Community Detection using Locality Statistics
Abstract
The goal of community detection is to identify clusters and groups of vertices that share common properties or play similar roles in a graph, using only the information encoded in the graph. Our work analyzes two methods of identifying an anomalous community in temporal graphs and another method of identifying active communities in a static massive graph. All methods are based on locality statistics.
In [50], an anomalous community is detected that shows growing connectivities in a time series of graphs. We formulate the task as a hypothesis-testing problem in stochastic block model time series. We derive the limiting properties and power characteristics of two competing test statistics built on distinct underlying locality statistics. In addition, we provide applicable implementations of two competing test statistics and detailed experimental results for a neural imaging application in [36].

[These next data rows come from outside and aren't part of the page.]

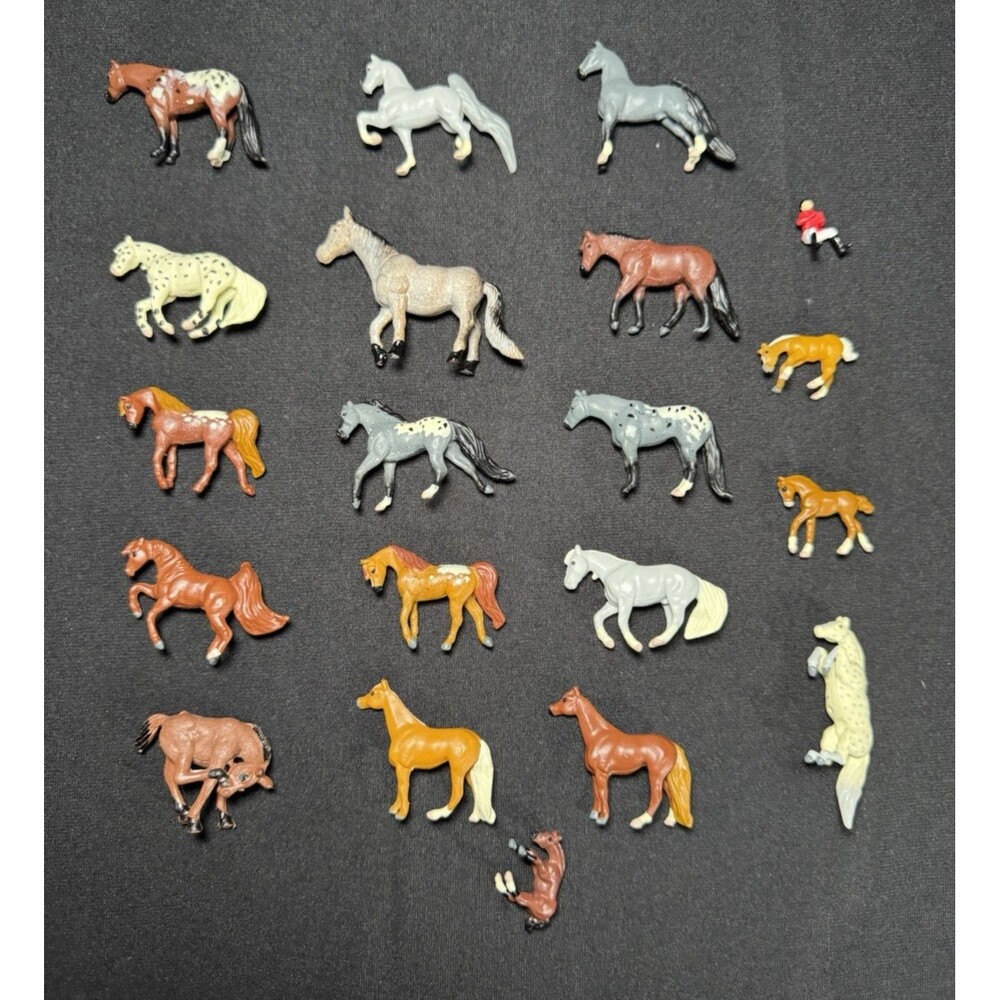 VTG Creata Breyers 20 Figure Lot - Winner's Choice Micro Horses - 1:64 Scale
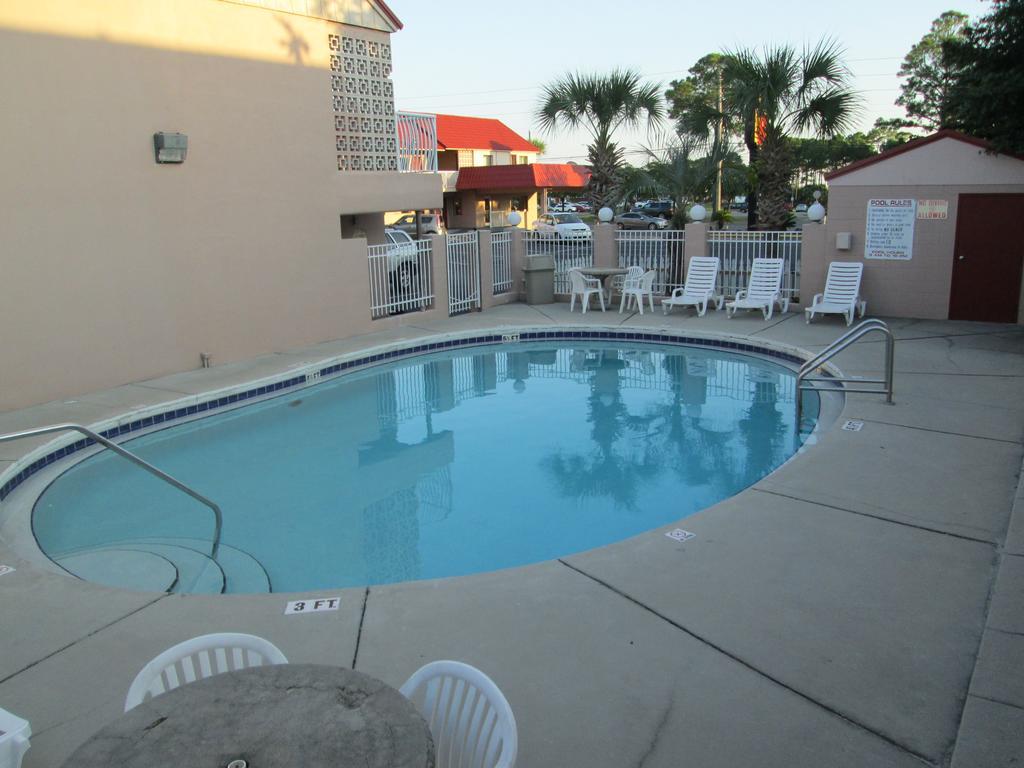 Super 8 by Wyndham Ft Walton Beach Fort Walton Beach Exterior foto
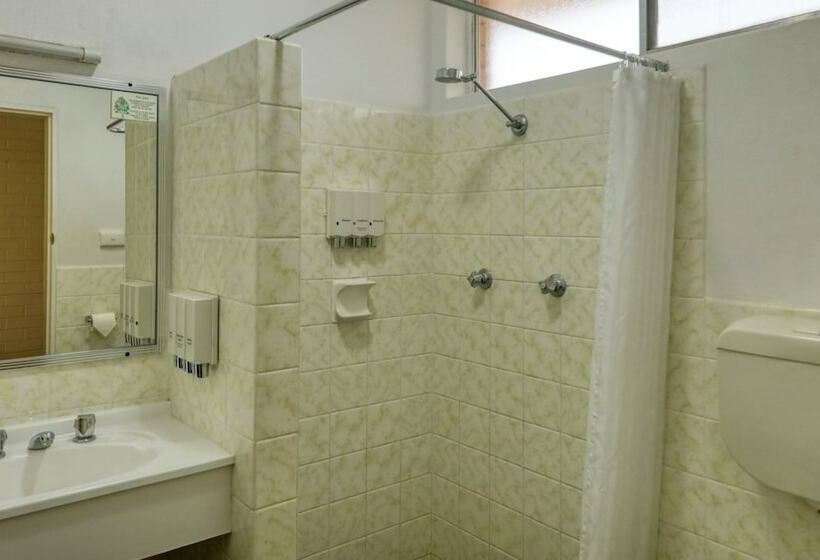 Семейный Номер, Junee Motor Inn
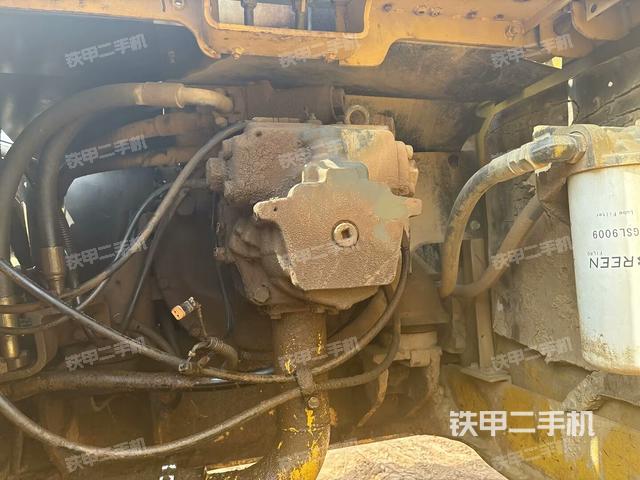 液壓泵斜45?左(大件艙室) 液壓泵斜45?左(大件艙室)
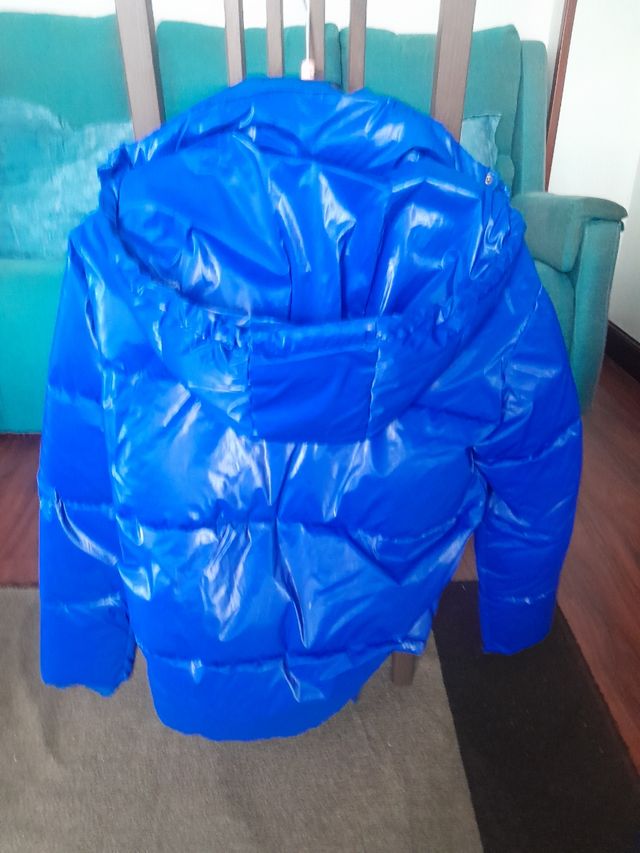 Plumifero hombre azul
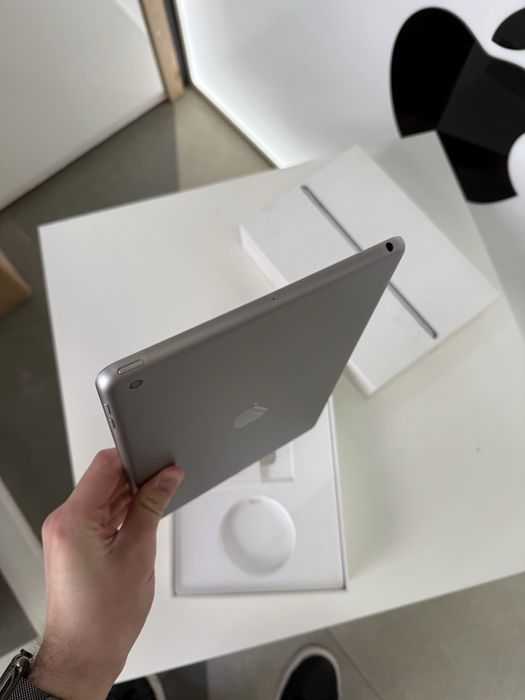iPad 5 32GB Space Gray | Wi-Fi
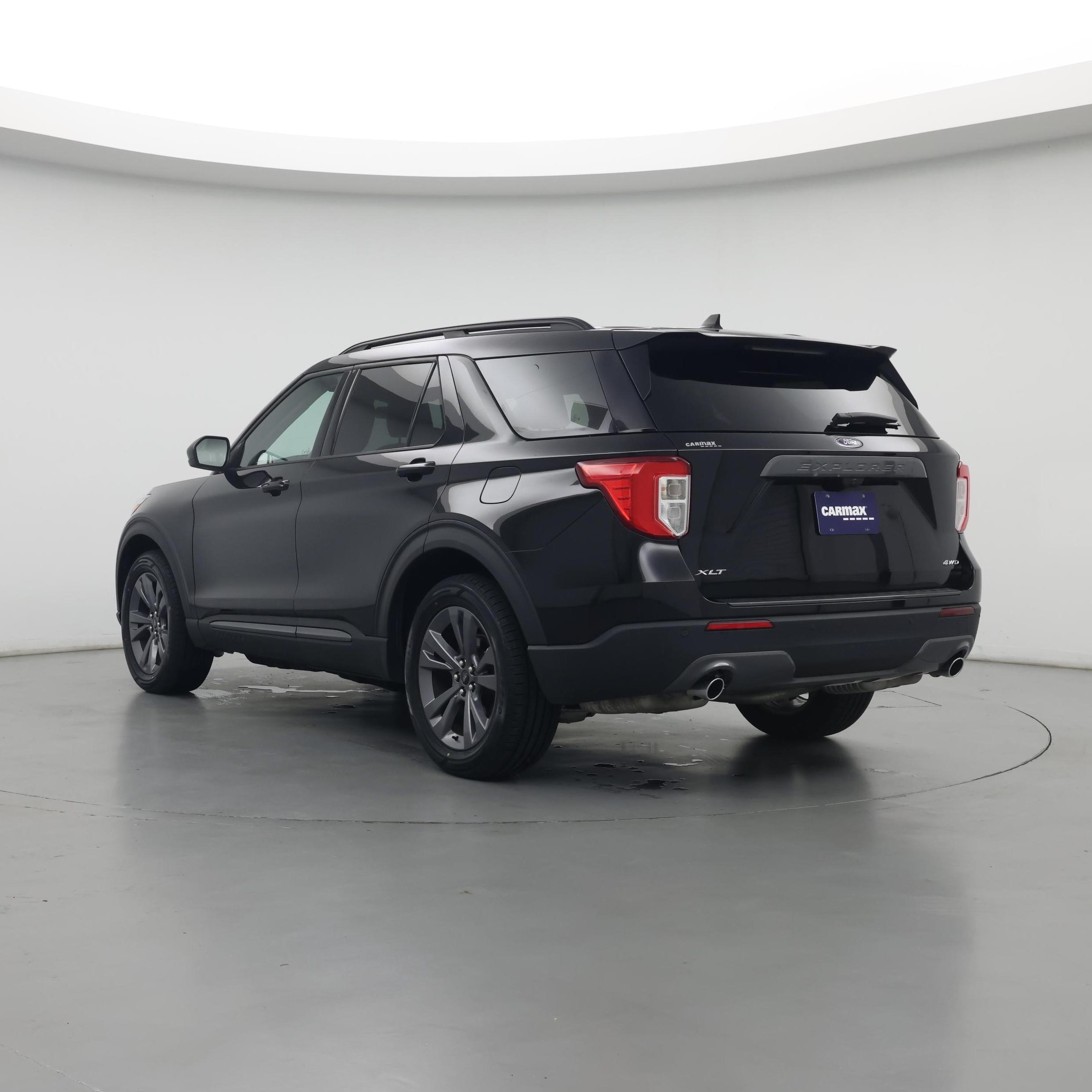Thumbnail: 2022 Ford Explorer - 2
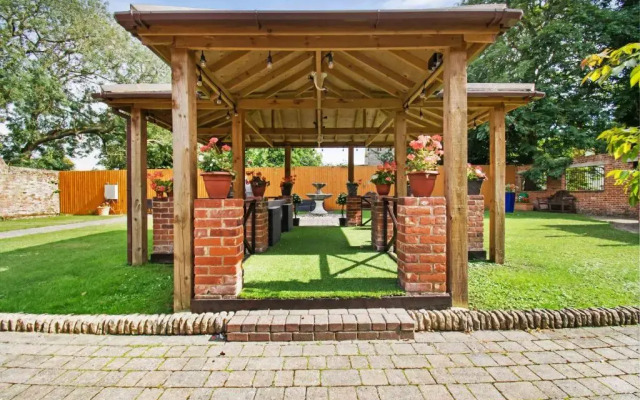 Sturmer Hall Hotel & Conference Centre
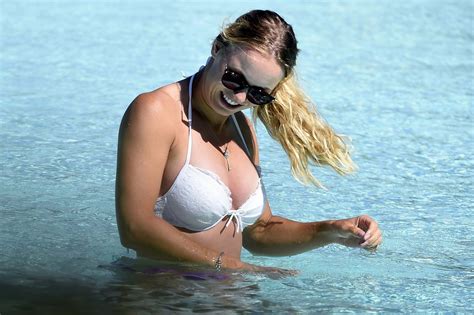 Caroline Wozniacki Sexy Na Praia Tomates Podres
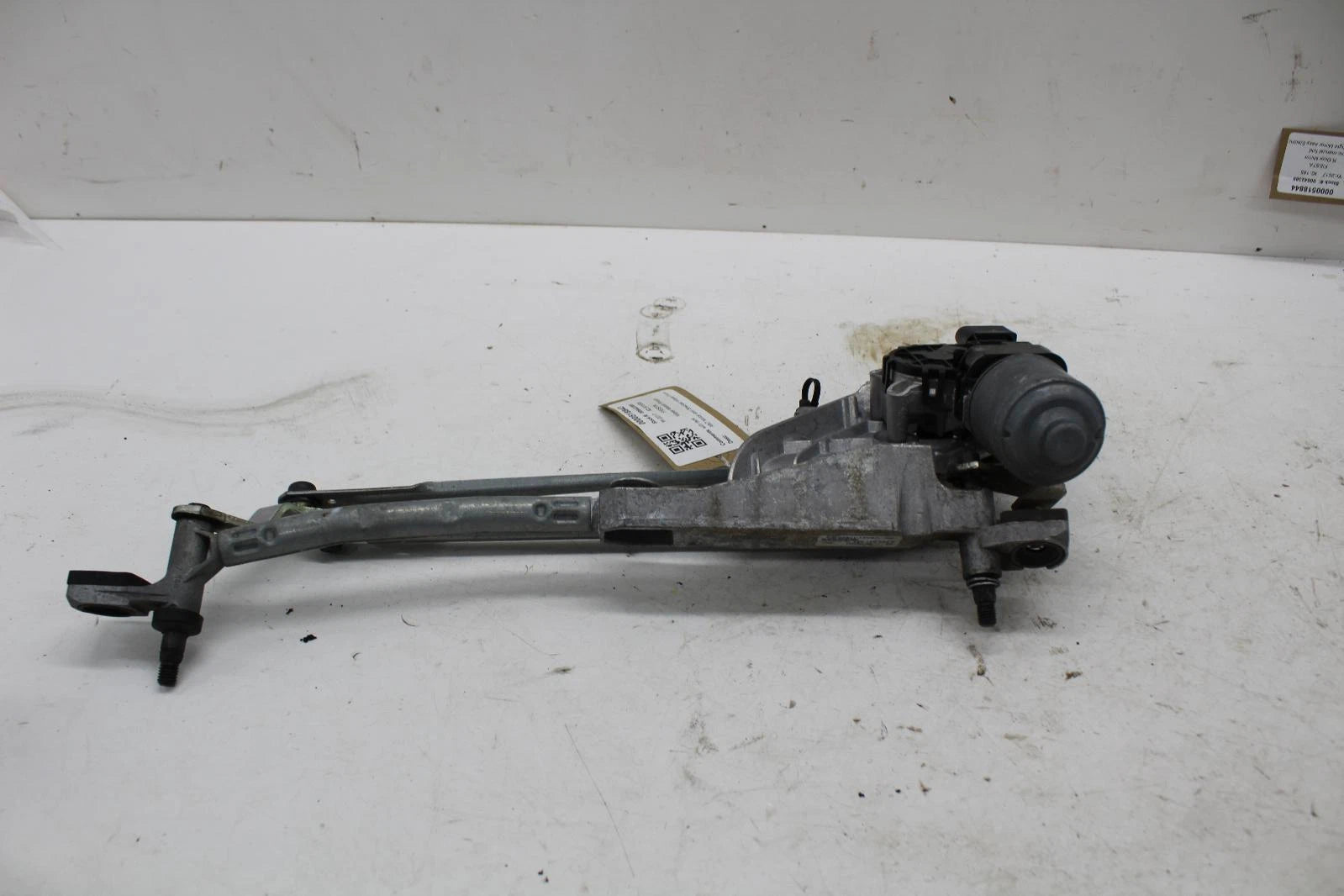 Ford Fiesta Front Wiper Motor With Linkage 0390241575 
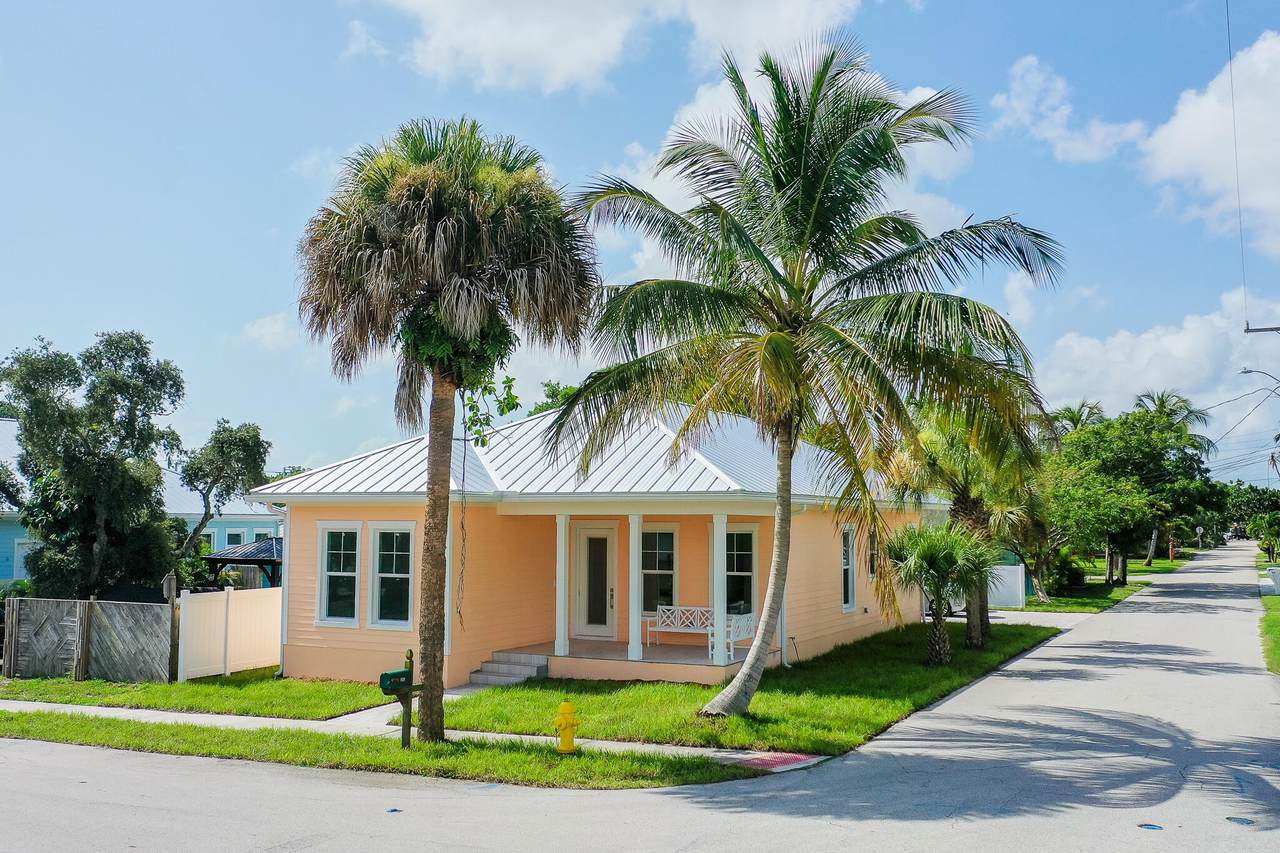 616 Bernard Street - Photo 1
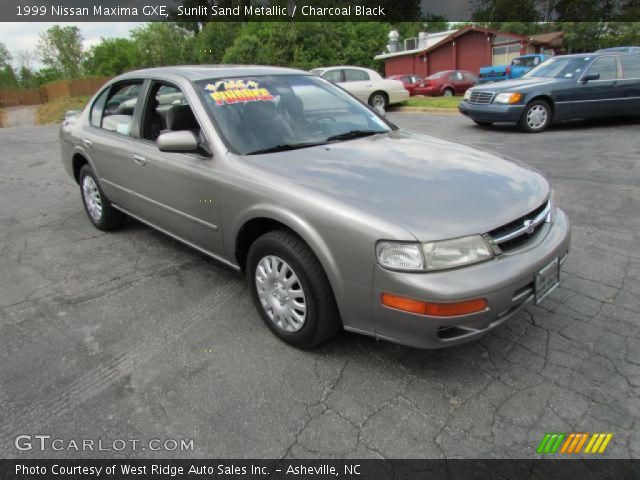1999 Nissan Maxima GXE in Sunlit Sand Metallic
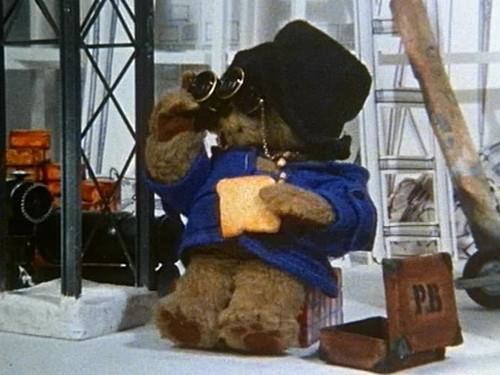 Paddington Bear Season 2 Episode 4 - Paddington's Patch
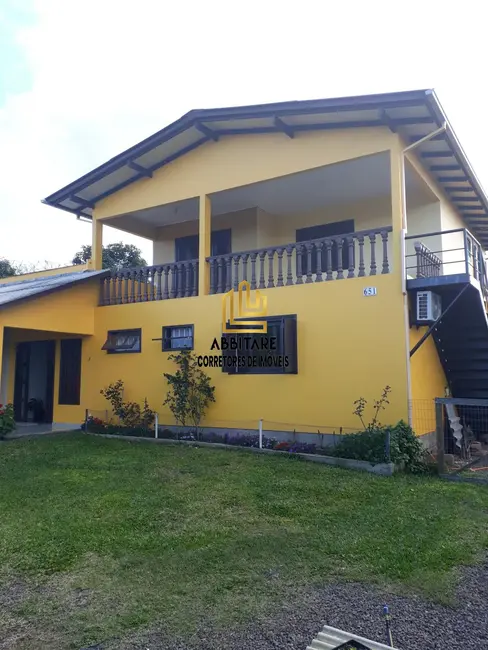 Casa com 3 quartos à venda, 350m2 em Torres - RS - imagem 2 Foto 2 de Casa com 3 quartos à venda, 350m2 em Torres - RS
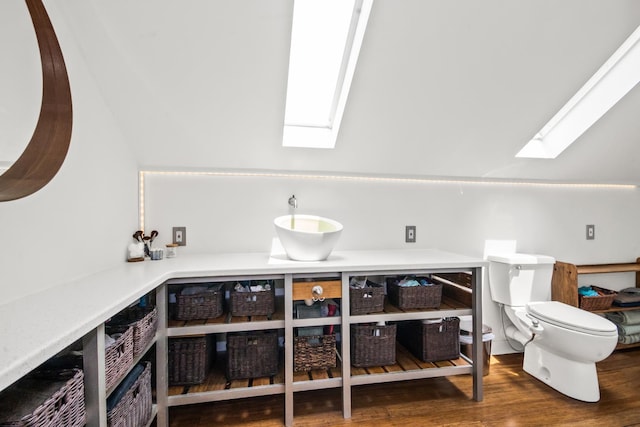 7439 N Maplewood Ave, Chicago, IL 60645 - bathroom with a skylight and wood finished floors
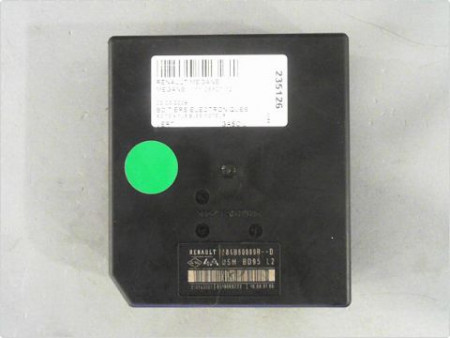 BOITE A FUSIBLES RENAULT MEGANE III 08-12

In [51], active communities are detected in a static massive graph on which many community detection algorithms scale poorly. We propose a novel framework for detecting active communities that consist of the most active vertices. Our framework utilizes a parallelizable trimming algorithm based on a locality statistic to filter out inactive vertices, and then clusters the remaining active vertices via spectral decomposition of their similarity matrix. The framework is applicable to graphs consisting of billions of vertices and hundreds of billions of edges.
In summary, this work provides developments in community detection, in both temporal graphs and static massive graphs, by employing locality statistics.